== Dataset content

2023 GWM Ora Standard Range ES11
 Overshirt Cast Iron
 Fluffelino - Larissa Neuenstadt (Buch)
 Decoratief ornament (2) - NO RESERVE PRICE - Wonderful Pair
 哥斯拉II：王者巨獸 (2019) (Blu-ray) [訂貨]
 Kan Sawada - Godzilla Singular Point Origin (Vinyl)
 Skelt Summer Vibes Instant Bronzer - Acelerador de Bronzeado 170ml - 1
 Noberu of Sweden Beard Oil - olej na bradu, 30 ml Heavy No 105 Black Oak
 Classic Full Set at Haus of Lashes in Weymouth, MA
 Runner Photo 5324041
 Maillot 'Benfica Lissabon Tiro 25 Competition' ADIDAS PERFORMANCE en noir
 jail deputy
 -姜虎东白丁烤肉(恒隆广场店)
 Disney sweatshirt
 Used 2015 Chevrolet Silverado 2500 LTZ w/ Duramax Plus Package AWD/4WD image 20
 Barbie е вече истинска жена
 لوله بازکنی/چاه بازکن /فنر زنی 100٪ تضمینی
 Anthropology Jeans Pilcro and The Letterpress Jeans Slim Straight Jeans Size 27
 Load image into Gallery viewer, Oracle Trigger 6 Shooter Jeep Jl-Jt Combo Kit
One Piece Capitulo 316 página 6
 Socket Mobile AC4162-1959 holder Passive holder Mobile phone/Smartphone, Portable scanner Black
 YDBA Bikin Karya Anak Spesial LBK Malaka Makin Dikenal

====

**Task description**
Look over the records above and say how many lines hold the word "image", giving the number alone.

**Solution**
2